## Listed entries
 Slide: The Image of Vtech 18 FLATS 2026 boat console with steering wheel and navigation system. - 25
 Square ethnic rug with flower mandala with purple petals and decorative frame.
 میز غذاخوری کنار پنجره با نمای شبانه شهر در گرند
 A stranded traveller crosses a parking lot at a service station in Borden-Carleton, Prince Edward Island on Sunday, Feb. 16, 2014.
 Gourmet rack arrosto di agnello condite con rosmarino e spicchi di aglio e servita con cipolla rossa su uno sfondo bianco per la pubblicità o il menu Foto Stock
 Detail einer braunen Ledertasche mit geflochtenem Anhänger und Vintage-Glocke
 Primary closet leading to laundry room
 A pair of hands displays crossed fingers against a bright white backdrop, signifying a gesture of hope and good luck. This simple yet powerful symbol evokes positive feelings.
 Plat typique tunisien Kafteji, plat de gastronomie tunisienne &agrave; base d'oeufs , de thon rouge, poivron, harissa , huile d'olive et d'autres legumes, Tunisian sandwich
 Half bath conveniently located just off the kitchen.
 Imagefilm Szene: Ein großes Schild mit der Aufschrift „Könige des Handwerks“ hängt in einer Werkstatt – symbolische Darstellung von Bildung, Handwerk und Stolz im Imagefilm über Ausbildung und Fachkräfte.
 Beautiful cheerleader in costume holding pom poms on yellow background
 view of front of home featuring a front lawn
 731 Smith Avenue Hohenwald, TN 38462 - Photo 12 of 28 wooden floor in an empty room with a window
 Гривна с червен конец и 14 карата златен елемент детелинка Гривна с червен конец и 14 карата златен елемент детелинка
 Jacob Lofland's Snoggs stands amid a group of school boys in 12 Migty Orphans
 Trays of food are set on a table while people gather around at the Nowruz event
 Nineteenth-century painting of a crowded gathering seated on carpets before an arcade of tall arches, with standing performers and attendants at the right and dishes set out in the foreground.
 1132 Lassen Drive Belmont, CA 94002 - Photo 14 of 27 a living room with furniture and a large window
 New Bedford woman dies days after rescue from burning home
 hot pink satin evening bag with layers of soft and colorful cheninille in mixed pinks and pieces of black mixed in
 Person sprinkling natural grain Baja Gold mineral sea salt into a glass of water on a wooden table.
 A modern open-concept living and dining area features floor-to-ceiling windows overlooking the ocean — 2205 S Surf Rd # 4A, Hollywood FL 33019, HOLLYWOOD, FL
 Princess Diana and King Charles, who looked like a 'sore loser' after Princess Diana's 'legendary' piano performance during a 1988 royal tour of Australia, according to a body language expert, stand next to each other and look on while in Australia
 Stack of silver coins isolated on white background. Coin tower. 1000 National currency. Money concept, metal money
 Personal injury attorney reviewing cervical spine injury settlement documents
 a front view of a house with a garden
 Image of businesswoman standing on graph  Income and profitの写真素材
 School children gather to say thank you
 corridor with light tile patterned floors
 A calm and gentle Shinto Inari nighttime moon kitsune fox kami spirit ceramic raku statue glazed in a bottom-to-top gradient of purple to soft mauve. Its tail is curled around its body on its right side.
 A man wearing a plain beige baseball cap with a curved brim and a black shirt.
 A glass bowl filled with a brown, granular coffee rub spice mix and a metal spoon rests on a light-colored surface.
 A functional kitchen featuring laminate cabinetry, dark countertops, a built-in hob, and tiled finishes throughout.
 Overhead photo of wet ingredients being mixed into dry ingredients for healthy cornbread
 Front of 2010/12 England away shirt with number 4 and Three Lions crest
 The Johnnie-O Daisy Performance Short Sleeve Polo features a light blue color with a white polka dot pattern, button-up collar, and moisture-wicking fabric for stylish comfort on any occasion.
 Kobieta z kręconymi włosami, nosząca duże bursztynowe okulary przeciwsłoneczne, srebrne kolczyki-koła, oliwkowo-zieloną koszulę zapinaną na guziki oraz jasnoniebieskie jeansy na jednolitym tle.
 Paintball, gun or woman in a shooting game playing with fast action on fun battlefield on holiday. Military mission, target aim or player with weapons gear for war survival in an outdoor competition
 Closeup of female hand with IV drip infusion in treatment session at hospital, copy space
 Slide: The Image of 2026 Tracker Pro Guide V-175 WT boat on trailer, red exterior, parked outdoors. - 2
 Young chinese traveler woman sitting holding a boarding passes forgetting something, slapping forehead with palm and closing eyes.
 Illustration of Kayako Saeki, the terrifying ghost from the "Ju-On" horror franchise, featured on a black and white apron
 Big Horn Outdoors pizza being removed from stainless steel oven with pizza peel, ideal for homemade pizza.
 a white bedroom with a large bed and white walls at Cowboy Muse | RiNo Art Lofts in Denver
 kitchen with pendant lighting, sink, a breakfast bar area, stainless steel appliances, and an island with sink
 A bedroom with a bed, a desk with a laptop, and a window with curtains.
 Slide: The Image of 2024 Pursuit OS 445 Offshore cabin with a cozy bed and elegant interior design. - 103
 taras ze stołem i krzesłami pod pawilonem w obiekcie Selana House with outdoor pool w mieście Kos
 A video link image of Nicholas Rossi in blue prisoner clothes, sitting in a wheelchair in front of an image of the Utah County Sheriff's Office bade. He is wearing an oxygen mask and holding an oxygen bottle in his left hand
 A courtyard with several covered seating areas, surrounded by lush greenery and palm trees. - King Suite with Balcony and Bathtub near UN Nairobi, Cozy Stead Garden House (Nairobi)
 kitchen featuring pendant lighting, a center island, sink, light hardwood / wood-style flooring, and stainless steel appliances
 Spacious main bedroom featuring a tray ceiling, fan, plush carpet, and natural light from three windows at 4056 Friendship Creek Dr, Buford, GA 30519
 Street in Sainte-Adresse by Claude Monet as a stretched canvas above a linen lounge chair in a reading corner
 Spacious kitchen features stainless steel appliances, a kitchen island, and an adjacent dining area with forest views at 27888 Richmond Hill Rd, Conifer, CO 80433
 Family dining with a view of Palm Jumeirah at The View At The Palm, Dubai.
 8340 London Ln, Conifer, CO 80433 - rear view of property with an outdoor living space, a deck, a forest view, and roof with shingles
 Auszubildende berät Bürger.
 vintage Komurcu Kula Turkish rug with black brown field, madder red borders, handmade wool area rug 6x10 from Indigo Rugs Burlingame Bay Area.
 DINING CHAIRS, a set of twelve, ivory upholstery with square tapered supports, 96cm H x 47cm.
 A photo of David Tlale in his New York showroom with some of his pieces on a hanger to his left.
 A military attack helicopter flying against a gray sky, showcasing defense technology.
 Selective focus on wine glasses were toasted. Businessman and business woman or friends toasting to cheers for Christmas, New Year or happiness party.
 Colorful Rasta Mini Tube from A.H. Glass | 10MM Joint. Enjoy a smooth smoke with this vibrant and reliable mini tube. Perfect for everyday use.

## Problem to solve
In the entries above, find the line holding "Princess Diana and" and the line holding "Young chinese traveler", then retype exactly those two lines and every line between them, and nothing else.

## Expected answer
 Princess Diana and King Charles, who looked like a 'sore loser' after Princess Diana's 'legendary' piano performance during a 1988 royal tour of Australia, according to a body language expert, stand next to each other and look on while in Australia
 Stack of silver coins isolated on white background. Coin tower. 1000 National currency. Money concept, metal money
 Personal injury attorney reviewing cervical spine injury settlement documents
 a front view of a house with a garden
 Image of businesswoman standing on graph  Income and profitの写真素材
 School children gather to say thank you
 corridor with light tile patterned floors
 A calm and gentle Shinto Inari nighttime moon kitsune fox kami spirit ceramic raku statue glazed in a bottom-to-top gradient of purple to soft mauve. Its tail is curled around its body on its right side.
 A man wearing a plain beige baseball cap with a curved brim and a black shirt.
 A glass bowl filled with a brown, granular coffee rub spice mix and a metal spoon rests on a light-colored surface.
 A functional kitchen featuring laminate cabinetry, dark countertops, a built-in hob, and tiled finishes throughout.
 Overhead photo of wet ingredients being mixed into dry ingredients for healthy cornbread
 Front of 2010/12 England away shirt with number 4 and Three Lions crest
 The Johnnie-O Daisy Performance Short Sleeve Polo features a light blue color with a white polka dot pattern, button-up collar, and moisture-wicking fabric for stylish comfort on any occasion.
 Kobieta z kręconymi włosami, nosząca duże bursztynowe okulary przeciwsłoneczne, srebrne kolczyki-koła, oliwkowo-zieloną koszulę zapinaną na guziki oraz jasnoniebieskie jeansy na jednolitym tle.
 Paintball, gun or woman in a shooting game playing with fast action on fun battlefield on holiday. Military mission, target aim or player with weapons gear for war survival in an outdoor competition
 Closeup of female hand with IV drip infusion in treatment session at hospital, copy space
 Slide: The Image of 2026 Tracker Pro Guide V-175 WT boat on trailer, red exterior, parked outdoors. - 2
 Young chinese traveler woman sitting holding a boarding passes forgetting something, slapping forehead with palm and closing eyes.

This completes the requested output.